遊馬ブラックのこと

 自由が丘のぼくの教室に遊馬弘(あすまひろし)という生徒がいる。遊馬氏の本業は望遠鏡などの金属部品をつくる仕事だそうだ。望遠鏡といえば真っ黒である。なので彼は金属によく食いつく黒い塗料に詳しい。
 10年くらい前に、なにかのパーツを黒く塗るとき、彼に相談したことがあった。するとただちにリポビタンDの小瓶につめた塗料が届いた。これがなかなかのすぐれものだった。完全なるマットの黒色で、金属の地肌に直接筆塗りが可能で、乾けば剥がれない。わたしは勝手に「遊馬ブラック」と呼んだ。
 それから10年経って、いま自由が丘でやっている東屋教室において、たくさんの絵筆をつくる必要があり、ひさしぶりにそれを使うことにした。

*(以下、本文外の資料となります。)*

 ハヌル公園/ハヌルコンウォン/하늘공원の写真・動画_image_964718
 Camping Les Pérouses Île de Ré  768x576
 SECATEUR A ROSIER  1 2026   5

 下の写真をご覧いただきたい。普通の虫ピンにただ遊馬ブラックを塗っただけでかんたんに絵筆(1/12)が製造できる。虫ピンの頭をニッパで切って、 叩いて潰し、そこに遊馬ブラックをぬる。そして胴体にも同じものをぬると、ただそれだけで立派な筆になる。絵の具やラッカーではこのあじはだせない。

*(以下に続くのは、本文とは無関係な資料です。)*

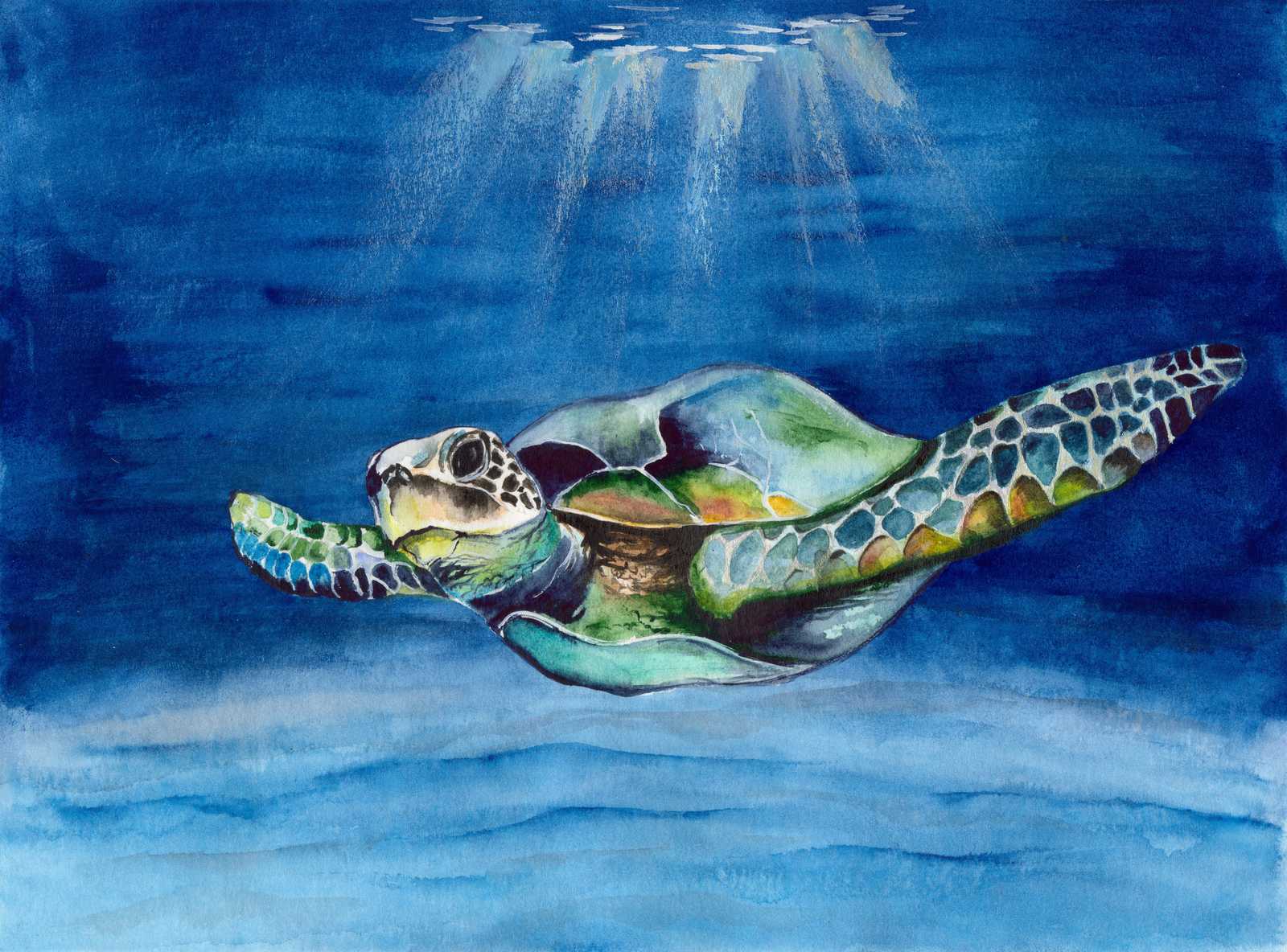 Serene Sea Turtle Underwater Watercolor Wall Art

 この魔法の塗料は遊馬さんが自分で開発したオリジナルで、みなさんへも宣伝してほしいと言われていたので、今号の記事として紹介した。
 イエサブのわたしの棚(の最下段)で入手できます。30cc入り小瓶一本756円。(もちろん遊馬さんから直接分けてもらうのも「アリ」でしょう)。

かなりドロッとした塗料なので、よく撹拌してご使用ください。稀釈液はラッカー薄め液ですが、上の写真における筆を製造する際にはまったく稀釈せずに用いました。なおイエサブの棚とは秋葉原スーパービル6階イエローサブマリンスケールショップの中のショーケース「はがいちようのミニチュアコレクション」のことです。